How To: Create Cool PDFs with Code with Pandoc

Note: This is my first english post. Sorry for my bad english. I hope this guide is comprehensible. It’s not tested for all OS, except for macOS. If there is a suggestion for improvements, please write it in the comments below. Thanks.

Purpose

We will create a Markdown file, which contains LaTeX, C-Code (or any other programming language), YAML and some Pandoc specific code. So in the end we will get a perfect looking PDF-file with highlighted Code and some sweet equations, etc.

Why?

  • Markdown is awesome.
  • LaTeX is awesome.
  • Pandoc is awesome.

What we’re going to do:

  • Explain our writing environment
  • Install Pandoc & LaTeX
  • Create Markdown file with C-Code & Latex inside

What we can do (optional)

Create an include.hs script for pandoc to create a shell script for easier execute the conversion

Writing Environment

We will use a little bit of YAML, more Markdown and sometimes LaTeX. LaTeX is optional to use in our document. But pandoc will convert the whole doc in it.

YAML

For YAML you don’t need know anything. Just follow the Tutorial. It’s only at the beginning of the doc, starting and ending with

---

between the two lines are some list points. Well, that’s all about it.

Markdown

Essential for writing this doc is Markdown. I won’t go into detail, also because there are so many great tutorials in the internet.

For first headings you write

# Heading 1

## Heading 2

### Heading 3

Links can be added with [name of link](actual url) so you have for example [Pandoc](http://pandoc.org)

For some cases Pandoc has it own syntax.

Inline images e.g. ![alt text](path to file)\

More information on this Cheatsheet from Adam Pritchard for ’normal‘ Markdown. And Pandocs Markdown.

Editor

My preferred editor for basically everything is Atom. You can get it at atom.io. But you can use every editor, that supports basic text editing. No Word, RTF, …
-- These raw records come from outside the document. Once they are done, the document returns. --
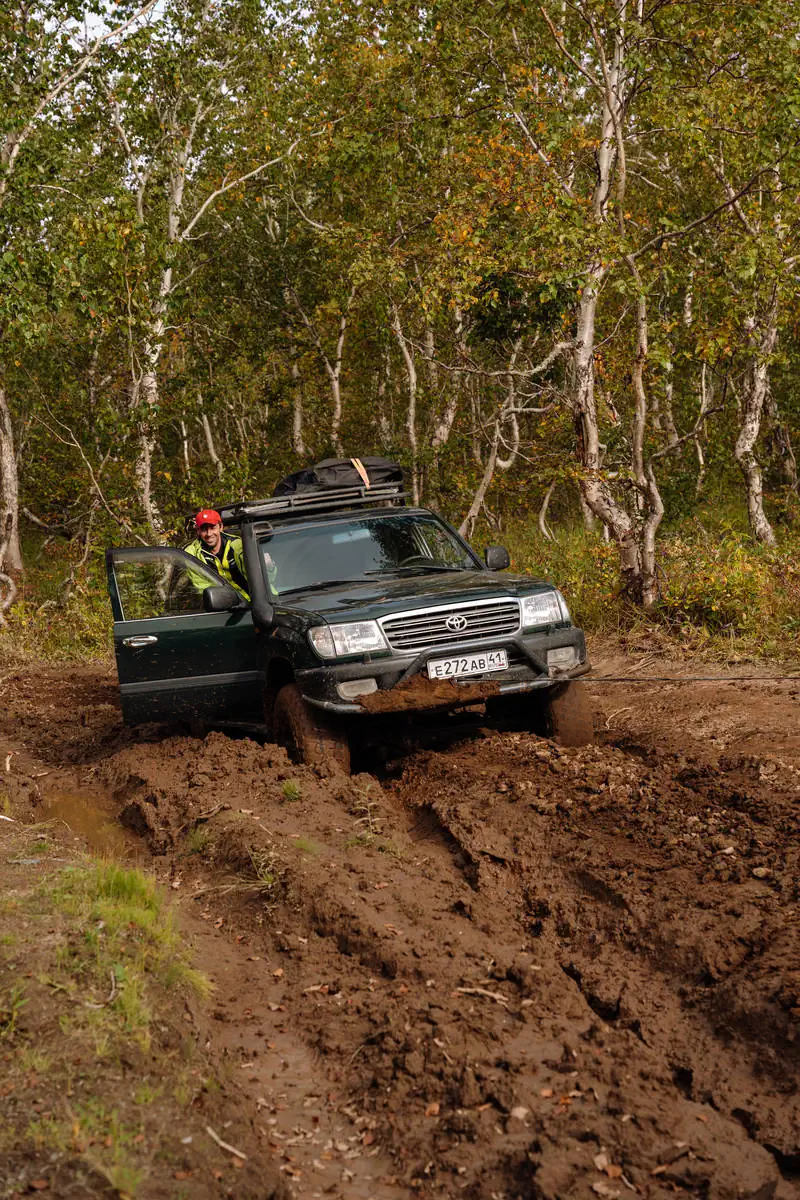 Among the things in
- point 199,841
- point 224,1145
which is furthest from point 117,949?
point 199,841

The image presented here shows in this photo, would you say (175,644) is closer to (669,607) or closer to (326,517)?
(326,517)

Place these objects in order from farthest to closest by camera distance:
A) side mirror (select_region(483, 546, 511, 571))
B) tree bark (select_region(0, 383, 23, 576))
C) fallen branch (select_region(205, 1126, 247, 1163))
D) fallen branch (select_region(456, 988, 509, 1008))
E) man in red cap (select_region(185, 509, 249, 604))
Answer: tree bark (select_region(0, 383, 23, 576))
man in red cap (select_region(185, 509, 249, 604))
side mirror (select_region(483, 546, 511, 571))
fallen branch (select_region(456, 988, 509, 1008))
fallen branch (select_region(205, 1126, 247, 1163))

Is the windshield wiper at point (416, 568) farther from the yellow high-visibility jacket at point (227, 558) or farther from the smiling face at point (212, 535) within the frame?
the smiling face at point (212, 535)

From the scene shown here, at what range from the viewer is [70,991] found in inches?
157

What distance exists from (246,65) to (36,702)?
14591 millimetres

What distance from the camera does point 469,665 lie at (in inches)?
271

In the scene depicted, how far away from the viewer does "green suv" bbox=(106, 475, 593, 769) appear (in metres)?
6.83

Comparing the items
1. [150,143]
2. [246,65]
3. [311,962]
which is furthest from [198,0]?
[311,962]

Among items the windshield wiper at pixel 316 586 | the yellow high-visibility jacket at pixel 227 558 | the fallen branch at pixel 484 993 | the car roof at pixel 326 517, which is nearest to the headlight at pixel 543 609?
the windshield wiper at pixel 316 586

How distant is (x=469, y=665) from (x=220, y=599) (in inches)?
74.3

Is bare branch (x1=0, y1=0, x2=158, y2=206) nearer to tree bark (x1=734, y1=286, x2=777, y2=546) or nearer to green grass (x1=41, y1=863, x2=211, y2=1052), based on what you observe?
tree bark (x1=734, y1=286, x2=777, y2=546)

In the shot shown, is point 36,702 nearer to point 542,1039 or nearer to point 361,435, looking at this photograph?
point 542,1039

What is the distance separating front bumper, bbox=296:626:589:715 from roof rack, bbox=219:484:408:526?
167 cm

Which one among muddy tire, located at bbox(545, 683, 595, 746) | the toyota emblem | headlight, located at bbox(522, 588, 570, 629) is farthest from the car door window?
muddy tire, located at bbox(545, 683, 595, 746) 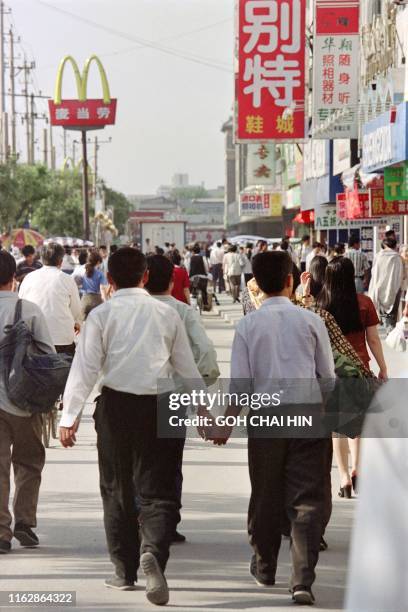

The file type isn’t really important. I would use .md. Only pandoc needs to know, which file type you doc is.

Install Pandoc & LaTeX

The latest installing guide is always available at pandoc.org. There are instructions for other OS too.

macOS

  1. The easiest way on macOS is to install Pandoc, is to use homebrew: brew install pandoc.
  2. As LaTeX distribution it’s recommend to use Basic TeX. To install write in your prefered terminal: ´brew cask install basictex´

Linux

  1. Try to install the package with your package manger. On Ubuntu, Debian & elementary use apt-get install pandoc. For detailed & more install options visit https://pandoc.org/installing.html#linux
  2. For LaTeX, we can use texlive, so type Ubuntu, Debian & elementary apt-get install texlive.

Windows

  1. Install the latest Pandoc package from https://github.com/jgm/pandoc/releases.
  2. Install MiKTeX from https://miktex.org/download.

Create a Markdown file

At the beginning of the file we will insert some YAML. In this YAML-Code we put in some metadata about the document. It will not just will show up in the document, but will added to the PDF-file as metatags. It’s optional, but it’s a lot shinier than without. To seperate the YAML metadata from the other content we’re creating a block, starting with two lines of \---\. In there for each option we’re creating a new line. We can use title for the documents title and the tag author for the documents author. It could look like this:

---
title: Excercise 3 - Computer Science Class
author: Markus Haller
---

As an advanced option we also can add multiple authors:

author:
- Konrad Zuze
- Bill Kates
- Steve Hobs
- Linus Porvalds

and to change the paper margins, just write something like

geometry: margin=1in

So in a complex case it could look like

---
title: Excercise 3 - Computer Science Class
author:
- Konrad Zuze
- Bill Kates
- Steve Hobs
- Linus Porvalds
geometry: margin=1in
---

There more options like this. Just google them in combination of LaTeX. Now you can write as much Markdown as you want to.

Insert Programming Code

Markdown supports code, but it just does have a different formatting as text. To let Pandoc highlight code for you, you need to declare it a little bit different than in Markdown. You need to write a fenced code block.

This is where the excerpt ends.